Freiberufliche Hebammen bekommen in Zukunft weniger Geld, trotz selber Arbeit. Das könnte vielerorts schwere Konsequenzen haben.

Freiberufliche Hebammen, die in Krankenhäusern arbeiten, werden in Zukunft weniger Geld verdienen. Das hat am Donnerstagabend eine Schiedsstelle entschiedenen und folgt damit dem Vorschlag des GKV-Spitzenverbands, einer zentralen Interessensvertretung der gesetzlichen Kranken- und Pflegekassen. Vor allem bei der Betreuung von mehreren Frauen gleichzeitig müssen die Hebammen zukünftig mit deutlich weniger Lohn rechnen. Der Hebammenverband Baden-Württembergs fürchtet, dass diese Neuregelung unter anderem für den Hohenlohekreis und den Kreis Schwäbisch Hall schwerwiegende Folgen haben könnte.

Weniger Geld trotz selber Arbeit und Verantwortung

Konkret geht es in der neuen Vergütungsregelung der GKV um sogenannten Beleghebammen. Betroffen sind damit freiberufliche Hebammen, die auch in Krankenhäusern arbeiten. Sie sind es, die zukünftig grundsätzlich deutlich weniger verdienen sollen.

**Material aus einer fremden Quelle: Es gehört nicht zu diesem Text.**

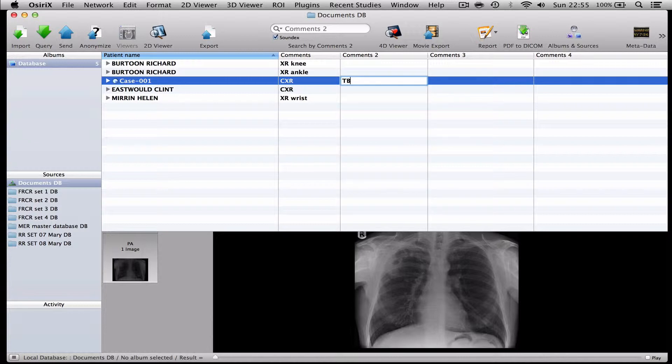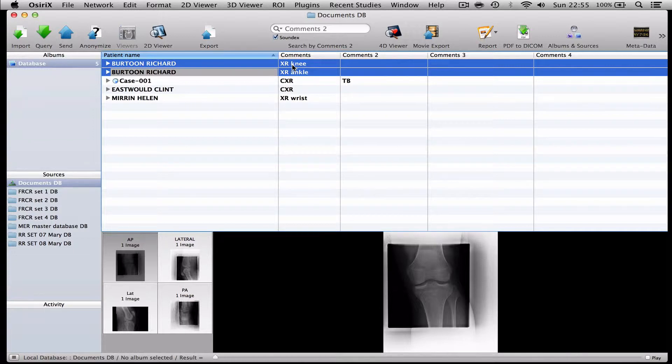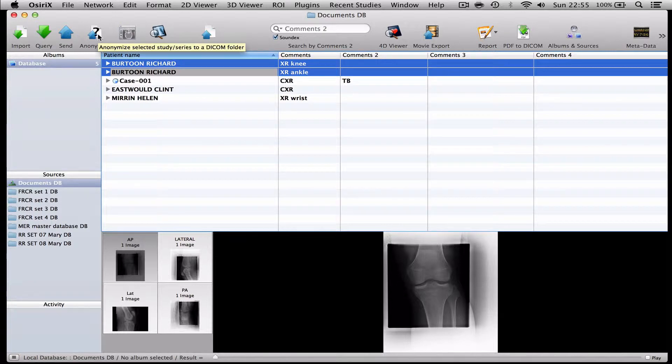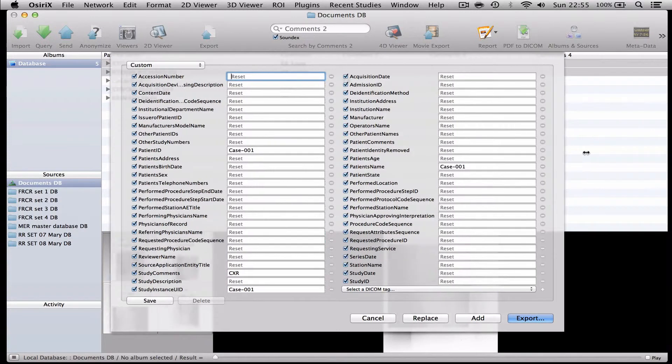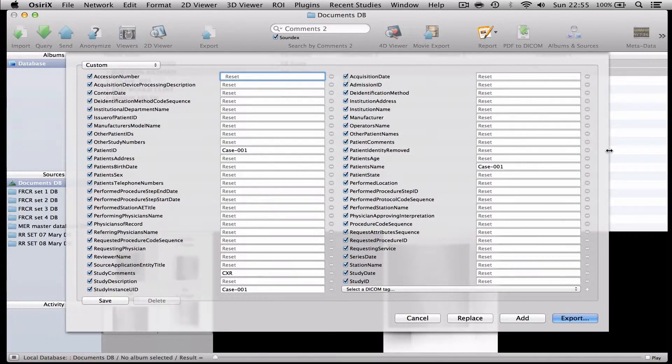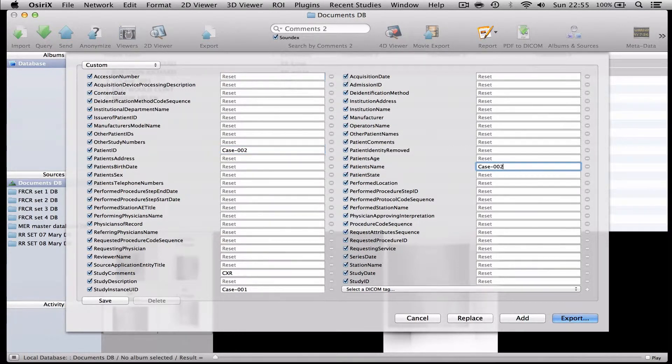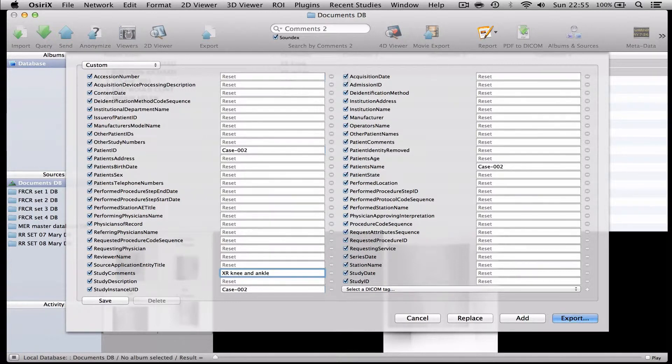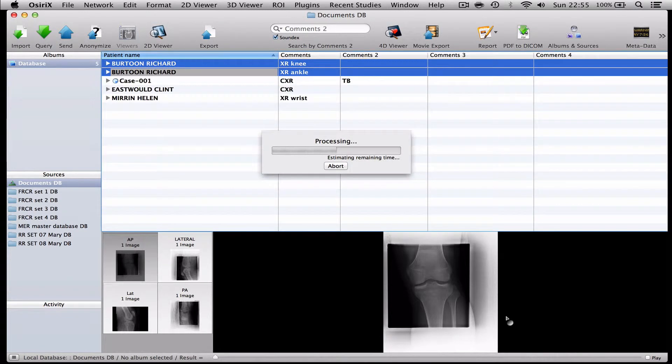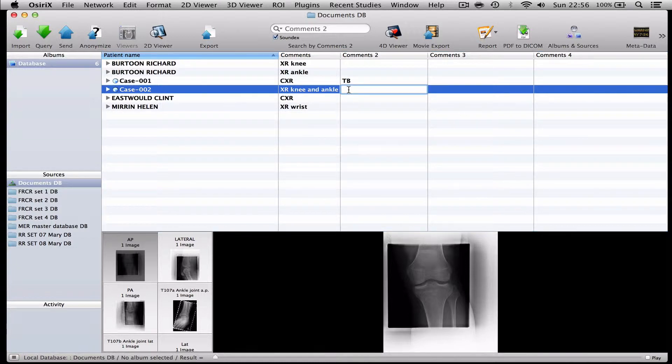So if I go about anonymising the second case you will see that the second patient Richard Bertoon has got an X-ray of the knee and an X-ray of the ankle. And if I want to anonymise this I can anonymise both those at the same time. And I'm going to go into anonymisation protocol again and the great thing about this protocol is that it remembers what I was doing last time. So now I can just change the case number to 002. And I can write in here X-ray knee and ankle. And I'll do exactly the same again. I'll add the anonymised case to the original data. And there I have X-ray knee and ankle. And I'll put ankle fracture.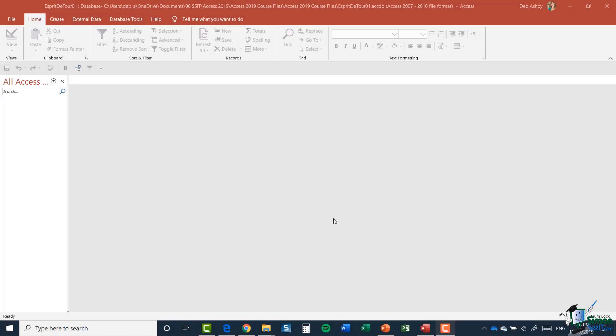Hello there and welcome back to my course on Access 2019. In this module we're going to take a look at how we can create a table and field, so essentially how we can create our first working database.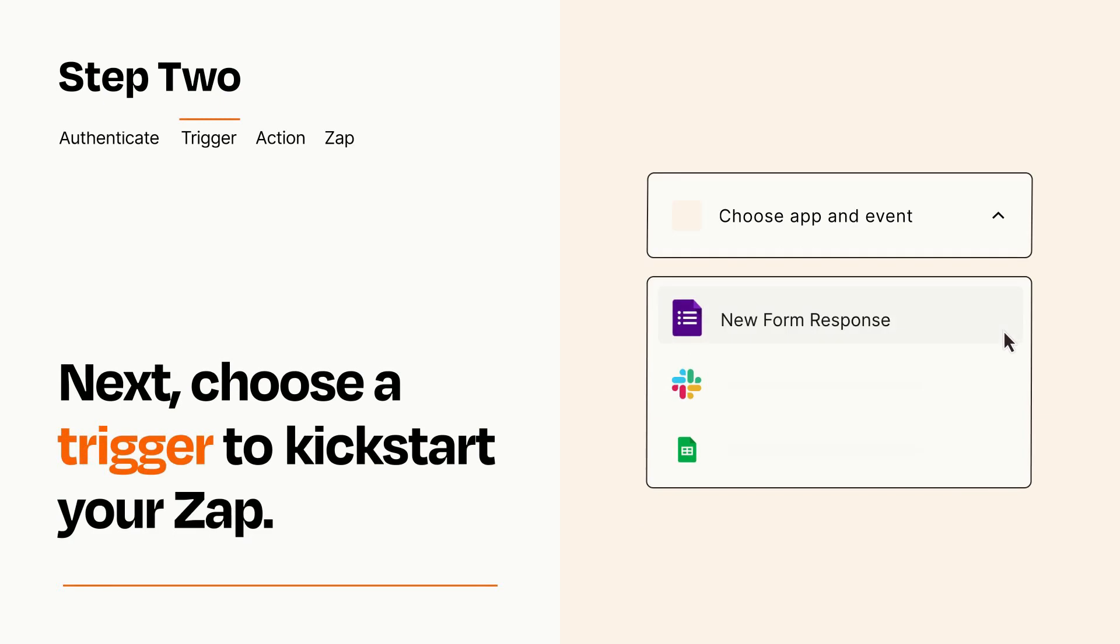Now let's set up your trigger, which is the event that starts your Zap. Pick the trigger event that you want from the list.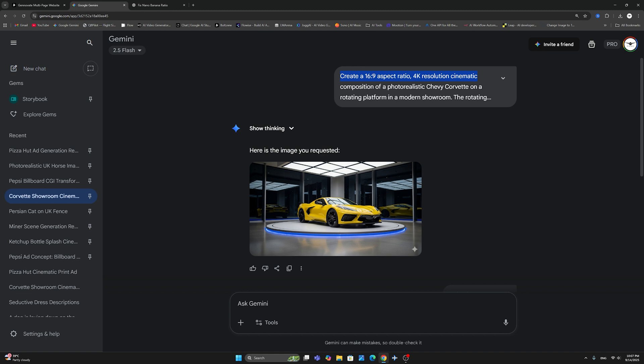Again, as a summary, if that doesn't work, use new chat, prompt exactly the same way, and it will give you the result in 16:9 aspect ratio.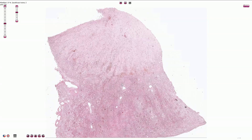Here we are looking at the slide of the renal infarction. At the bottom we have the part of the surface of the kidney. This is the cortex and here we have the renal medulla.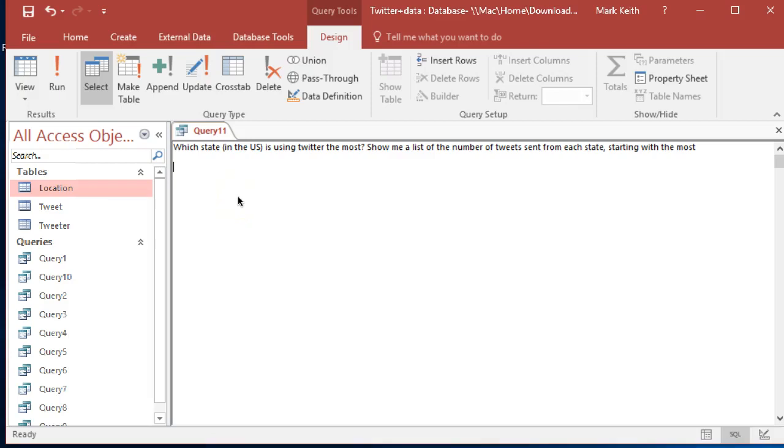Okay, which state, and we're only referring to those in the US, is using Twitter the most? Show me a list of the number of tweets sent from each state starting with the most. Okay, not bad, nothing new needed here.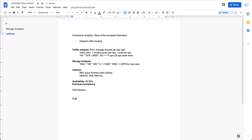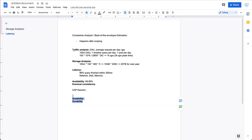Other things to consider include scalability — clarify with the interviewer whether high scalability is needed, which it usually is — and durability, which means considering data redundancy such as replication across different data centers. To summarize, the biggest parts of constraints analysis are traffic analysis and storage analysis. For the rest, just clarify with the interviewer: if you care about availability, you'll have eventual consistency; if you care more about strong consistency, availability will be lower.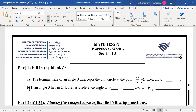Assalamu alaikum. Today we will solve the worksheet of section 1.3 of Trigonometric Functions.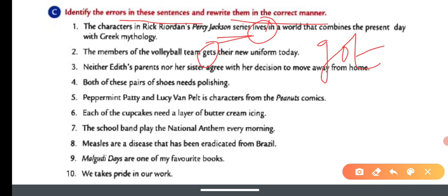Number three continued: Neither her addict's friends, parents, nor her sisters agree with her decision to move away from home — 'agrees' is incorrect; use 'agree.' Number four: Both of these pairs of shoes need polishing — use 'need,' not 'needs.'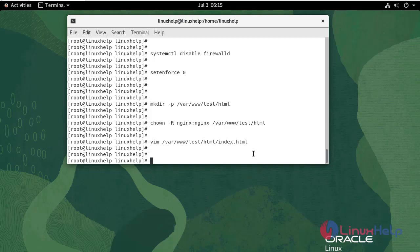In order for Nginx to serve this content, we need to create a server block with the correct directives that point to our custom web root. We will create a new server block at this directory.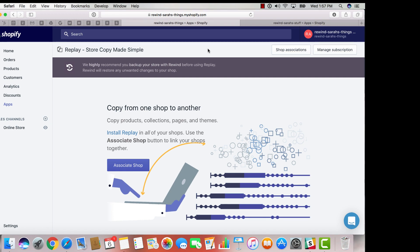The store you want to copy from is your master store, and the shop you wish to copy to is your destination store. Now that you've gotten this all set up, it's time to get started.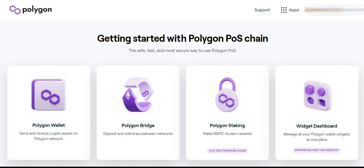So how do we start using Polygon? First, you're going to want to set up a MetaMask wallet — we'll come back to this later. Then you're going to need some Matic tokens on that wallet. Matic works like Ethereum but much cheaper, and you'll need the Matic token to facilitate transactions on the network.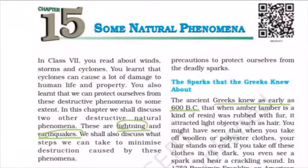Welcome to my channel Science with Mosming. Today we are going to start NCERT textbook of Science Class 8, Chapter 15, Part 1: Some Natural Phenomena. If you like the video, please subscribe to my channel, like and share it, and press the bell icon so that you can get the latest chapters uploaded by me.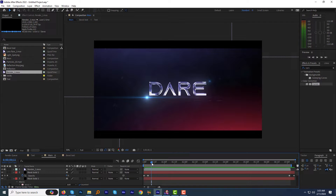Hey guys, I am Ambajit Singh from MotionMango.com. Welcome again to another very exciting tutorial. Let's take a quick look at what we are going to create today.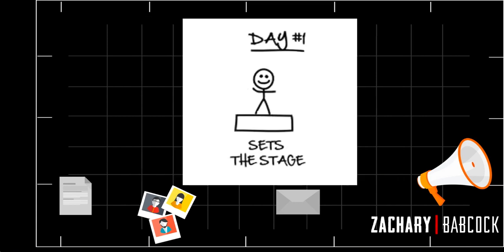Day one: Set the Stage. All you do here is set the stage for what's to come. You quickly thank them for opting into your email sequence and tell them what they can expect and what they're going to get. Then you want to tease out a little secret that you're going to share with them in the next email the following day.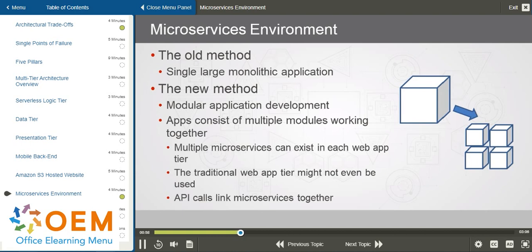We might only have the code running in a middle tier, maybe that's triggered on a schedule, that talks to the back-end data. So API calls are then used to link our microservices together, whether those microservices exist within a single tier or across multiple application tiers.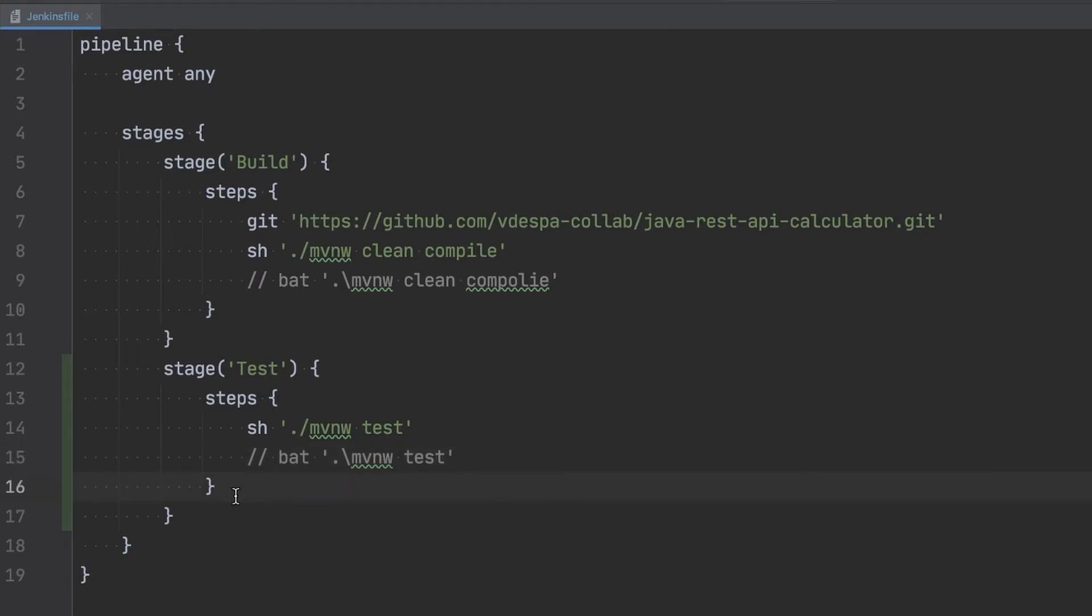So for that we're going to instruct Jenkins that after the execution here is done, so for example the command here has executed, we can add a post instruction. It's something that we do after the execution of the job is done but just before we exit, just before we go to the next stage if there is one or stop the execution altogether, we can still do some post actions.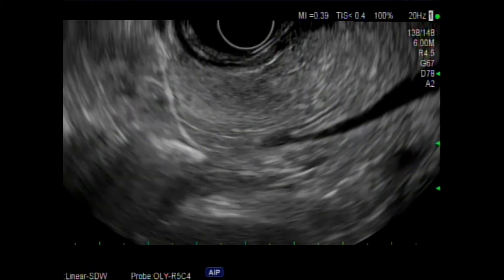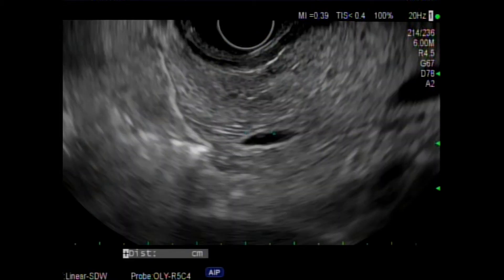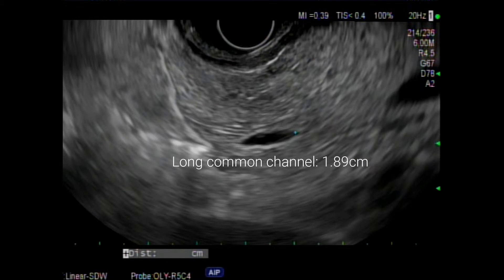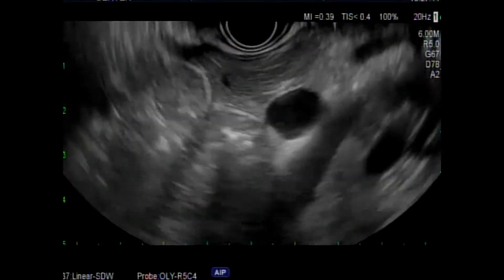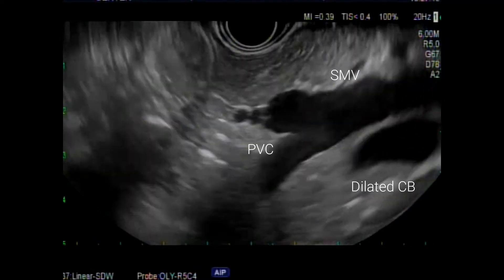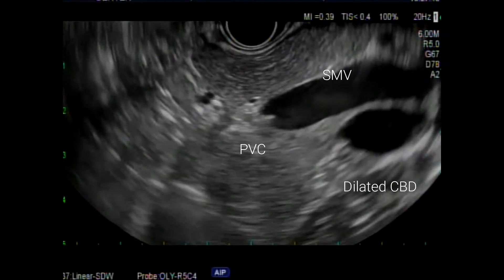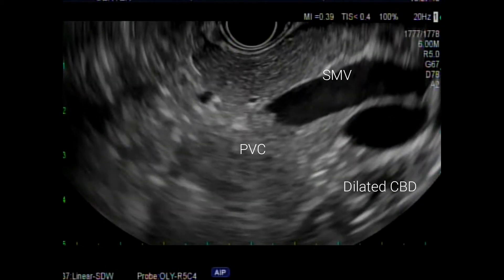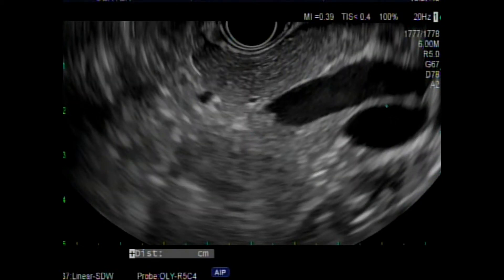A long common channel is considered to be greater than 9mm, and when measured here from the ampulla to where it divides, it was 1.89cm. With gentle withdrawal of the transducer into the stomach, the dilated CBD can be seen at the other side of the confluence. When measured, it was 1cm.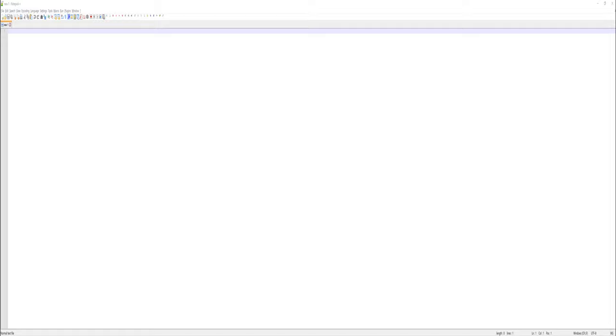is live file updates, as opposed to using something like FileZilla to first download the file, make changes, and then re-upload that file. So to do this,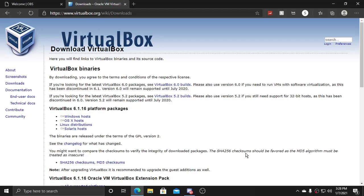Hey guys, it's Anthony's Tech here, and today I'm going to show you how to install VirtualBox 6.1.16 for Windows.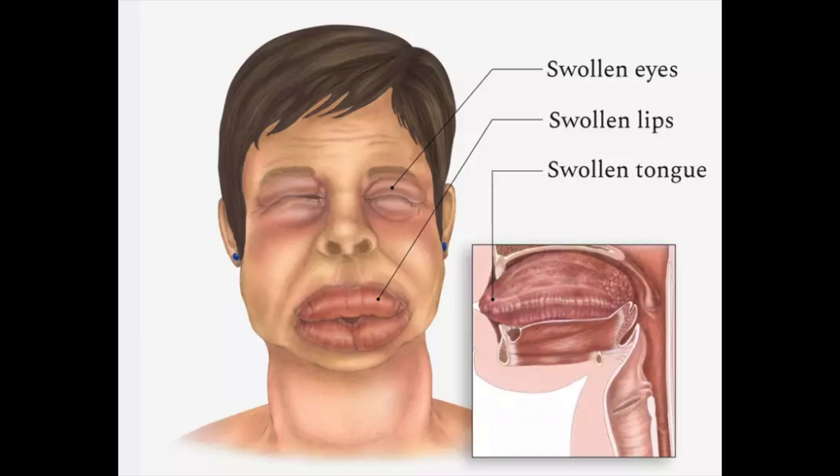Serious side effects happen rarely, but you should tell your doctor if you get fast or irregular heartbeats known as palpitations, or if you have chest pain. If you develop chest pain you need to seek immediate medical evaluation. Very rarely, some people can develop anaphylaxis, which is a sudden and potentially life-threatening allergic reaction where the lips, tongue and face can swell — if this happens, urgent medical attention needs to be sought. For a full list of side effects, see the information leaflet inside your medicine packet.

Besonders deutlich wird dies bei der gleichzeitigen Betreuung mehrerer Frauen: Für eine zweite und dritte Frau, die die Hebamme in derselben Zeit betreut, bekommt sie nur 30 Prozent des vollen Gehalts. Ab der vierten Frau, die parallel betreut werden müsste, erfolgt keine weiter Vergütung mehr. Dennoch übernimmt die Hebamme in diesen Fällen immer noch die volle Verantwortung für jede einzelne Patientin.

Hebammenverband BW hält Modell für "fachlich und praktisch unhaltbar"

In einigen Regionen Baden-Württembergs sind die freiberuflichen Hebammen wesentlicher Bestandteil der Geburtsstationen der Krankenhäuser. Im Diak Klinikum im Kreis Schwäbisch Hall ist beispielsweise nur eine Hebamme für die Leitung des Teams festangestellt. Die restliche Belegschaft besteht aus freiberuflichen Hebammen, so eine Sprecherin der Klinik.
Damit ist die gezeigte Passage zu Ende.